In wound dressing there is the potential that components may come into contact with broken skin and thereby enter the body in a manner distinct from that in the intact skin setting. This quasi parenteral exposure potential is additionally sensitive in that the healing of the wound is potentially complicated if the dressing contains agents that inhibit the action of immune cells, or indeed the cells responsible for healing and re-epithelisation.
It is, therefore, desirable and essential that compounds in a dressing are not specifically toxic to cells.
In our case, we were interested in the toxicity of compounds that generate blue colours which is in the colour range of most viability reagents. Our data indicate that the reagents themselves engender a blue colour that influences the data. The cytotoxicity was tested in an MTT assay, a commonly used colorimetric assay to evaluate cell metabolic activity.

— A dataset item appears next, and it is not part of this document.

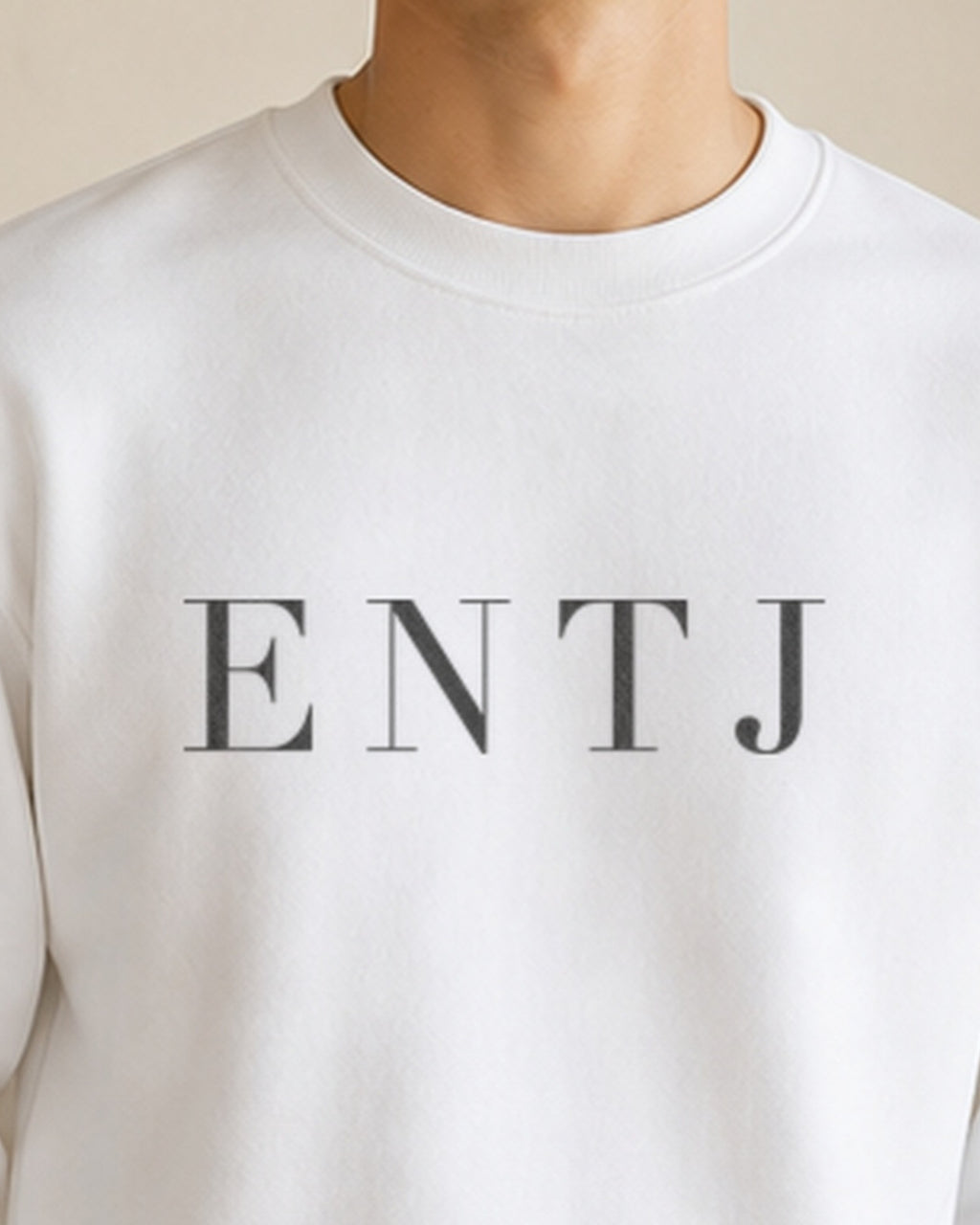 The Typese ENTJ Gildan crewneck sweatshirt in white, male front neckline fabric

The detailed method is described in deliverable 3.3.
The results of the enzyme substrates and their cleavage products are listed in table 3.2.1.
Table 3.2.1.
CSY2002 ID 6549 CSY 1704 F-moc-
A-A-P-V-OH Indigo F-moc-
A-A-P-OH Life control Dead control
Compound conc. [µM]
100 0,50 1,36 1,37 1,59 1,12 1,58 1,76 0,23
50 1,46 1,66 1,74 1,79 1,00 1,76 1,91 0,14
25 1,89 1,88 2,00 1,87 1,24 1,72 1,95 0,13
12,5 2,00 1,94 2,21 2,07 1,25 1,95 2,00 0,13
6,25 1,96 2,01 1,87 1,99 1,33 2,00 2,02 0,13
3 2,03 2,02 1,90 2,05 1,28 1,98 2,02 0,11
1,5 1,84 2,07 2,03 2,01 1,29 2,01 2,02 0,15
0,75 2,07 2,12 1,95 1,99 1,32 1,79 1,76 0,12
Cut off: OD 1.7
Elastase substrate CSY 1704 as well as its tested cleavage products Fmoc-A-A-P-V-OH and Fmoc-A-A-P-OH do not show changes in cell growth up to concentrations between 50 and 100 µM. For the MPO-substrate CSY2002 and its cleavage product ID 6549) concentrations between 25 and 50 µM are without inhibitory effect.
Generally, indigo appeared to influence MTT assays as no change in visual cell viability was observed under conditions where MTT levels were influenced by Indigo.
The observation that the decyl conjugate of fast blue (CSY2002) is slightly more inhibitory that the free fast blue suggests that the long lipophilic tail is probably providing the molecule with a weak surfactant property. The weak positive charge would make the molecule into a weak cationic lipophile which in a cell culture context is associated with low potency membrane disturbance. These effects are not very significant in the real setting. For example, the far more potent benzalkonium chloride is widely used as a disinfectant and is toxic to cells in the range of 1-3 µM.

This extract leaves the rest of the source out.